All CPUs are utilized for `np.linalg.eig/h`, ndim dependent #1312

Open dilpath opened 6 months ago

dilpath commented 6 months ago

Bug description Despite using SingleCoreEngine, all CPUs were at 100% utilization.

After profiling, it looks like this is due to use of np.linalg.eig or np.linalg.eigh. For example, the default ScipyOptimizer does not have this issue. FidesOptimizer and CmaesOptimizer do have this issue.

Profiling was done with another script using pyPESTO optimization. Here's a small demonstration of the issue with np.linalg.eig/h directly.

import time

import numpy as np

def time_eig(M, repeats=5000):
    t0 = time.time()
    for _ in range(repeats):
        np.linalg.eig(M)
    print(time.time() - t0)

time_eig(np.random.rand(31, 31))
time_eig(np.random.rand(32, 32))
time_eig(np.random.rand(33, 33))

time_eig(np.random.rand(63, 63))
time_eig(np.random.rand(64, 64))
time_eig(np.random.rand(65, 65))
The results are function matrix size n_repeats total time (s) CPUs used
np.linalg.eig 31x31 2e4 9.5 1
np.linalg.eig 32x32 2e4 9.5 1
np.linalg.eig 33x33 2e4 11.4 1
np.linalg.eig 63x63 5e3 13.1 1
np.linalg.eig 64x64 5e3 13.3 1
np.linalg.eig 65x65 5e3 27.3 all (8)
np.linalg.eigh 31x31 4e4 11.0 most (<8)
np.linalg.eigh 32x32 4e4 15.0 most (<8)
np.linalg.eigh 33x33 4e4 26.1 all (8)
np.linalg.eigh 63x63 5e3 6.2 all (8)
np.linalg.eigh 64x64 5e3 9.7 all (8)
np.linalg.eigh 65x65 5e3 11.3 all (8)

np.linalg.eig seems to switch to using all CPUs when the number of parameters is >64. fides uses np.linalg.eig. np.linalg.eigh seems to gradually increase the number of CPUs used. cma uses np.linalg.eigh.

Overall, just something to keep in mind when expecting single-core behavior -- this could affect benchmarking, for example.

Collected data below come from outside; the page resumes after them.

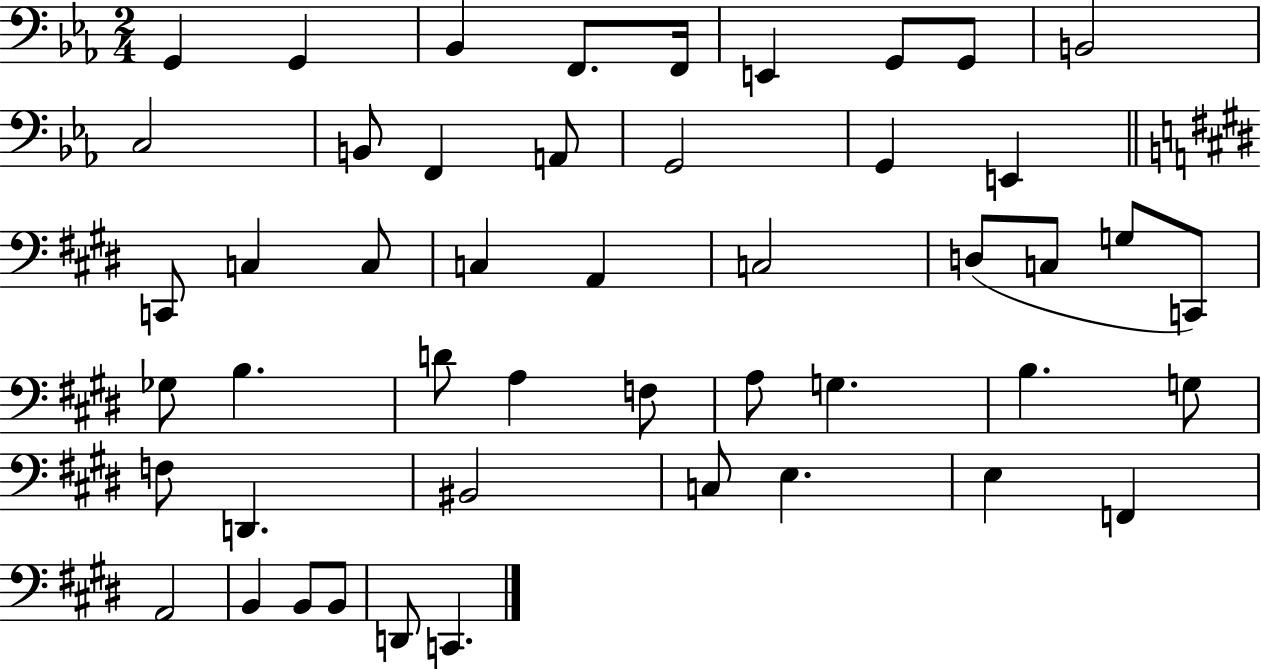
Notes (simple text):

G2/q G2/q Bb2/q F2/e. F2/s E2/q G2/e G2/e B2/h C3/h B2/e F2/q A2/e G2/h G2/q E2/q C2/e C3/q C3/e C3/q A2/q C3/h D3/e C3/e G3/e C2/e Gb3/e B3/q. D4/e A3/q F3/e A3/e G3/q. B3/q. G3/e F3/e D2/q. BIS2/h C3/e E3/q. E3/q F2/q A2/h B2/q B2/e B2/e D2/e C2/q.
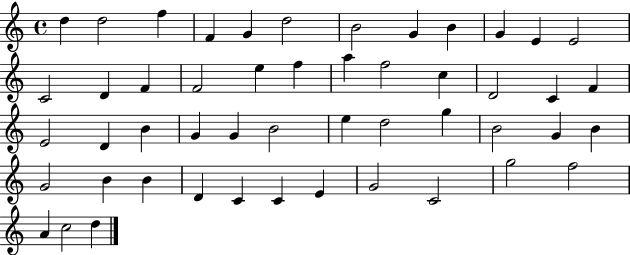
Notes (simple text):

D5/q D5/h F5/q F4/q G4/q D5/h B4/h G4/q B4/q G4/q E4/q E4/h C4/h D4/q F4/q F4/h E5/q F5/q A5/q F5/h C5/q D4/h C4/q F4/q E4/h D4/q B4/q G4/q G4/q B4/h E5/q D5/h G5/q B4/h G4/q B4/q G4/h B4/q B4/q D4/q C4/q C4/q E4/q G4/h C4/h G5/h F5/h A4/q C5/h D5/q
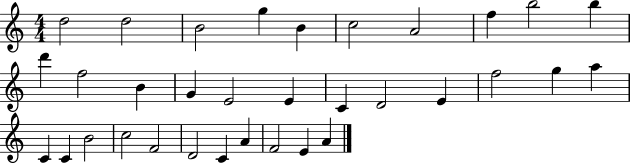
{
  \clef treble
  \numericTimeSignature
  \time 4/4
  \key c \major
  d''2 d''2 | b'2 g''4 b'4 | c''2 a'2 | f''4 b''2 b''4 | \break d'''4 f''2 b'4 | g'4 e'2 e'4 | c'4 d'2 e'4 | f''2 g''4 a''4 | \break c'4 c'4 b'2 | c''2 f'2 | d'2 c'4 a'4 | f'2 e'4 a'4 | \break \bar "|."
}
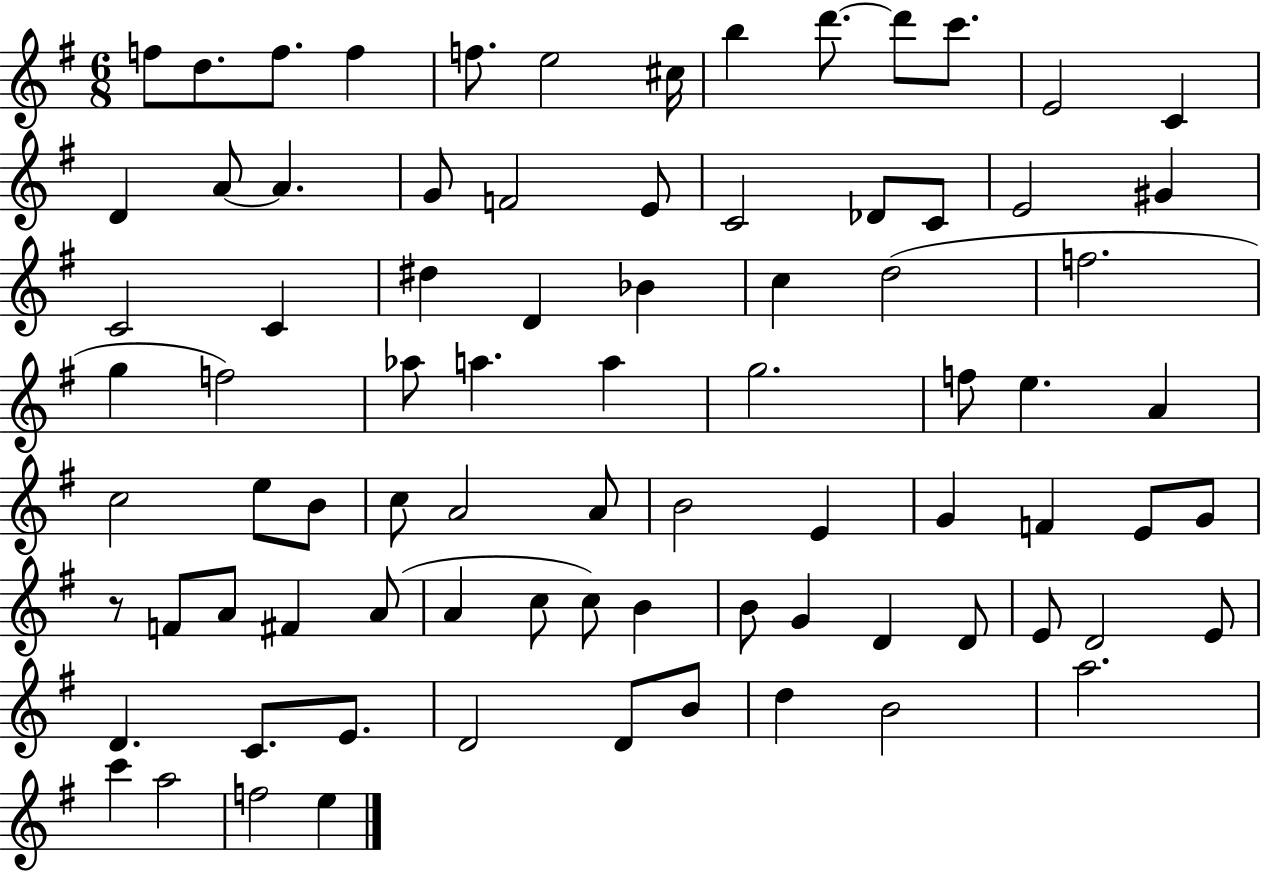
F5/e D5/e. F5/e. F5/q F5/e. E5/h C#5/s B5/q D6/e. D6/e C6/e. E4/h C4/q D4/q A4/e A4/q. G4/e F4/h E4/e C4/h Db4/e C4/e E4/h G#4/q C4/h C4/q D#5/q D4/q Bb4/q C5/q D5/h F5/h. G5/q F5/h Ab5/e A5/q. A5/q G5/h. F5/e E5/q. A4/q C5/h E5/e B4/e C5/e A4/h A4/e B4/h E4/q G4/q F4/q E4/e G4/e R/e F4/e A4/e F#4/q A4/e A4/q C5/e C5/e B4/q B4/e G4/q D4/q D4/e E4/e D4/h E4/e D4/q. C4/e. E4/e. D4/h D4/e B4/e D5/q B4/h A5/h. C6/q A5/h F5/h E5/q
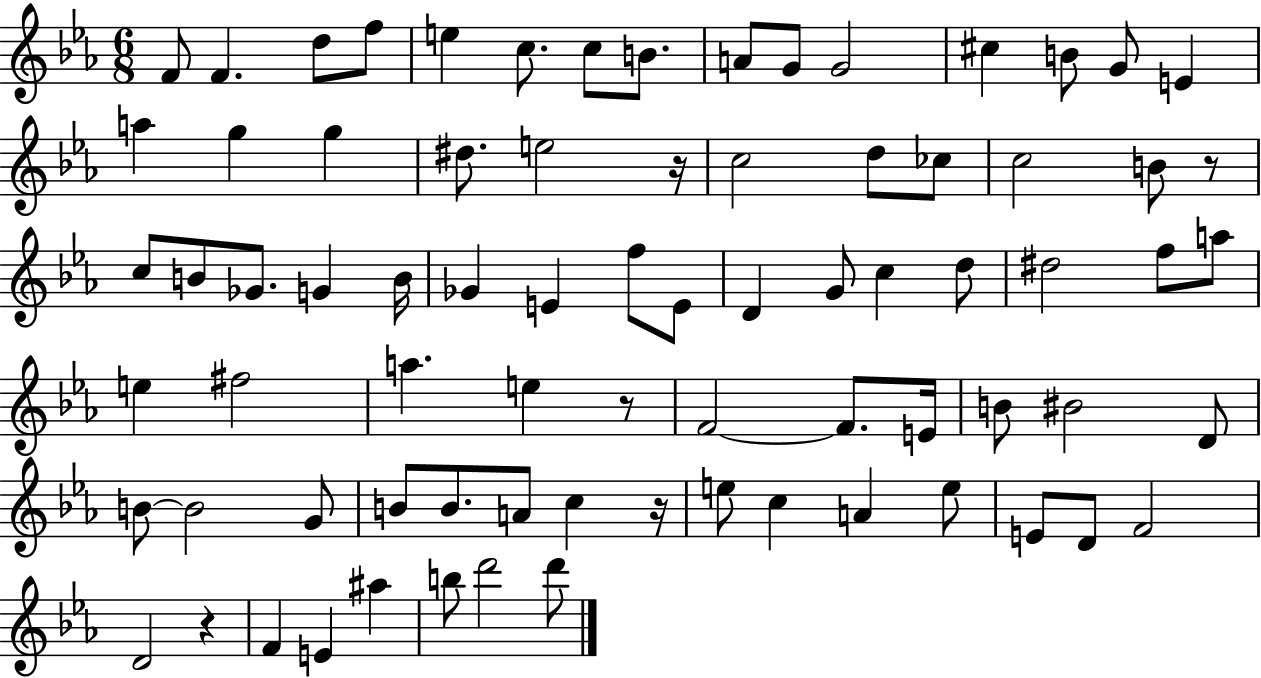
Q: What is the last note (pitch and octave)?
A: D6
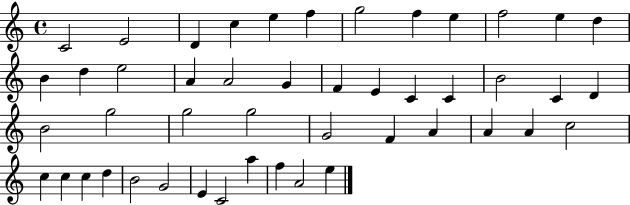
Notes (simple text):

C4/h E4/h D4/q C5/q E5/q F5/q G5/h F5/q E5/q F5/h E5/q D5/q B4/q D5/q E5/h A4/q A4/h G4/q F4/q E4/q C4/q C4/q B4/h C4/q D4/q B4/h G5/h G5/h G5/h G4/h F4/q A4/q A4/q A4/q C5/h C5/q C5/q C5/q D5/q B4/h G4/h E4/q C4/h A5/q F5/q A4/h E5/q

This also affects the efficiency when parallelizing optimization, since with large problems, potentially all starts will try to use all CPUs simultaneously when computing eigenvalues/vectors.

Expected behavior Approximately one CPU should be utilized 100% in all cases, when using SingleCoreEngine.

Environment

FFroehlich commented 6 months ago

Well technically even if the process runs on a single core it could still use multiple threads via hyper-threading, but overall this is interesting and I wasn't aware of it. Good that I usually snakemake for benchmarking which externally limits the number of threads to a fixed number.

numpy recommends use of https://github.com/joblib/threadpoolctl to limit use of threads in native libraries. Probably makes sense to make this configurable similar to the n_threads attribute in AmiciObjective, but at an engine level.

dweindl commented 6 months ago

I would keep that out of pypesto. Just a comment to the respective optimizers. Those settings might affect a number of libraries, and the control is best left to the user.

dilpath commented 6 months ago

a comment to the respective optimizers

If it's made very clear to the user (e.g. a warning) then I agree, otherwise it could be an easy thing to overlook, with perhaps a big performance penalty. Limiting thread use to 1, halves the wall time for np.linalg.eig(65, 65) in my test script, for example, and this is without parallelized multi-starts. cma seems popular, and with np.linalg.eigh(33, 33) I just saw a reduced wall time by a factor of 6 when limited to 1 thread. I'm not sure why limiting to 1 thread is faster... I guess it becomes slower at very-large-dimension matrices.